Comment by 0xbadcafebee

1 year ago

In the Military, soldiers have an ethical duty not to follow an order that is illegal. It is called duty to disobey.

In civilian life, you have a duty to disobey if what your employer asks of you will unnecessarily harm people. For example, shipping a broken insecure product that handles PII/PHI/etc is absolutely unethical, and possibly illegal (though often the legal consequences are minor, if not irrelevant). Your bosses will absolutely ask you to do illegal and/or unethical shit, so you always need to be aware of where the line is, both legally and ethically.

It's not always clear where the line is. With AI work, the line has already been crossed several times (things like discrimination in output resulting in innocent people being hurt). Do not do whatever your company asks for. Do push back when you see a problem. Don't ship something that could hurt someone. If you're not sure, ask or find out.

> an ethical duty not to follow an order that is illegal

I'm not sure that has to be said, but yes, don't do illegal stuff.

You then push this question further outside the legal/illegal bounds.

  • Ethical is not the same as legal. Legal actions can be unethical and ethical actions can be illegal.

    The Nuremberg trials established this after WW2: just obeying orders is not sufficient [0]. This is why modern militaries have a duty to disobey.

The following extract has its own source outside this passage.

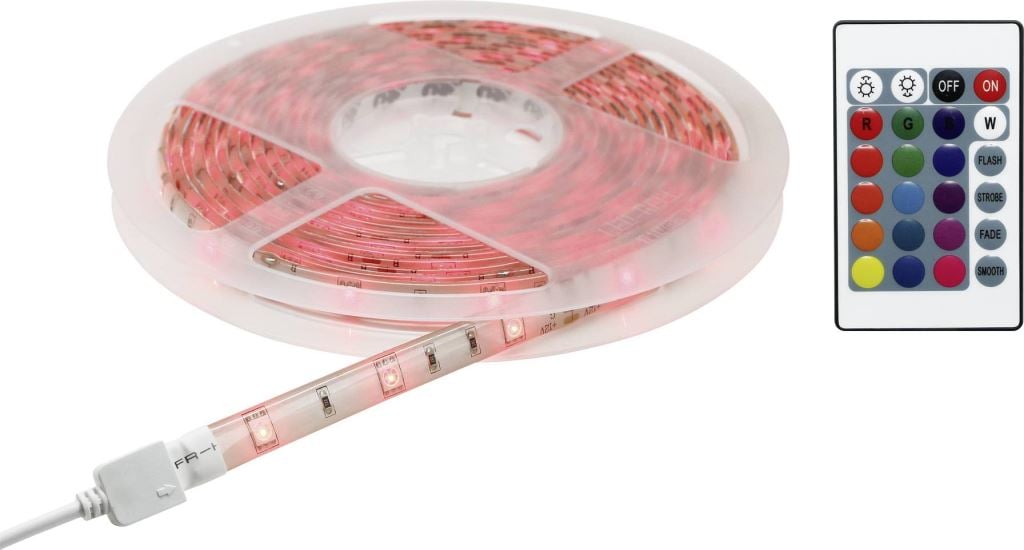 Sygonix RGB LED szalag 3m (SY-5224780) Sygonix RGB LED szalag 3m (SY-5224780)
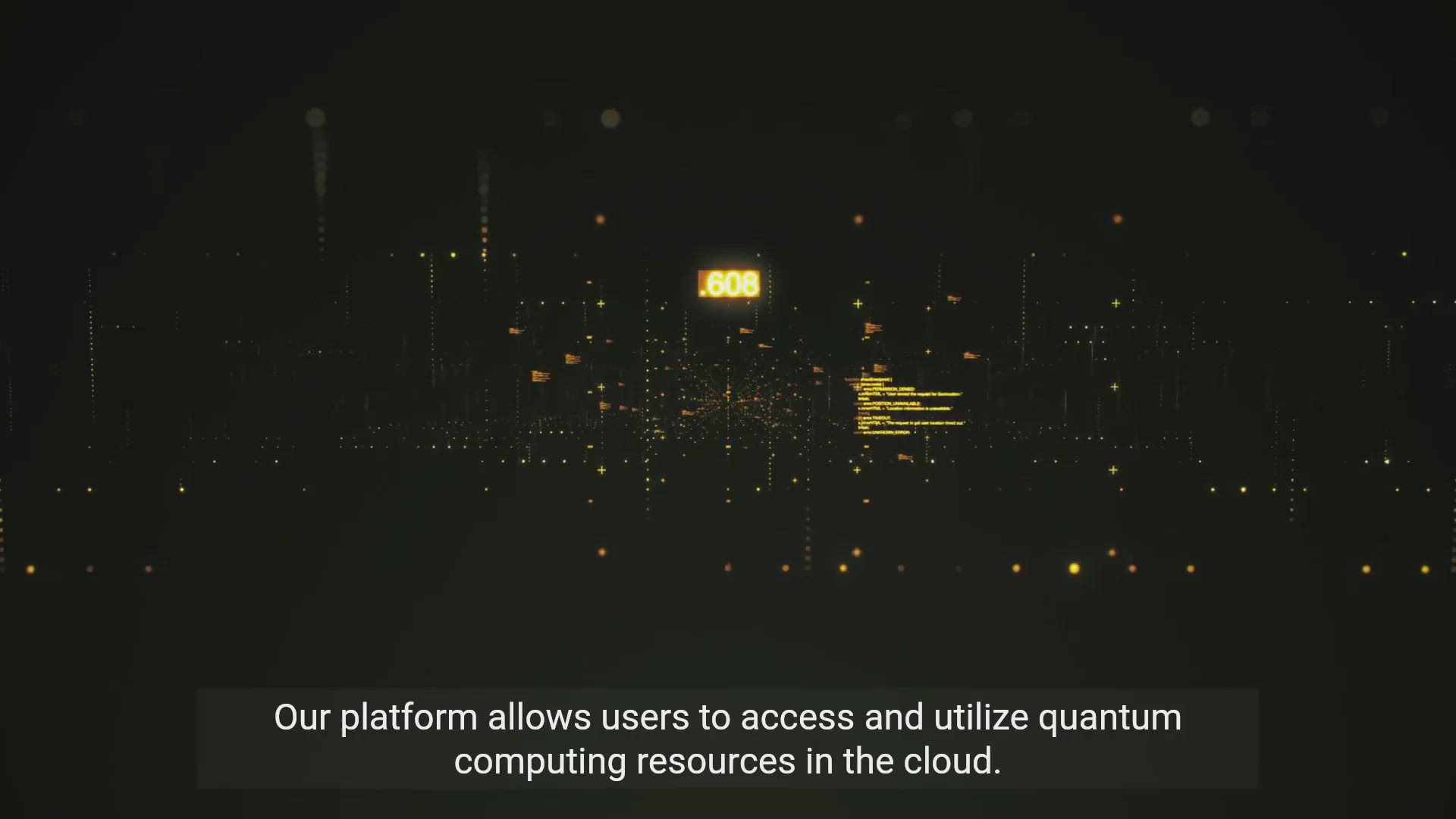 'Video thumbnail for Creating Quantum Computing Environments in the Cloud'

    It's the same in civilian life: you have a personal duty to disobey an instruction that you personally consider to be unethical. You cannot hide behind "I was just obeying the law". You absolutely should break the law if you consider that law to be unethical. It is your personal responsibility to decide this.

    So yes, you should do illegal stuff if not doing said illegal stuff would be unethical.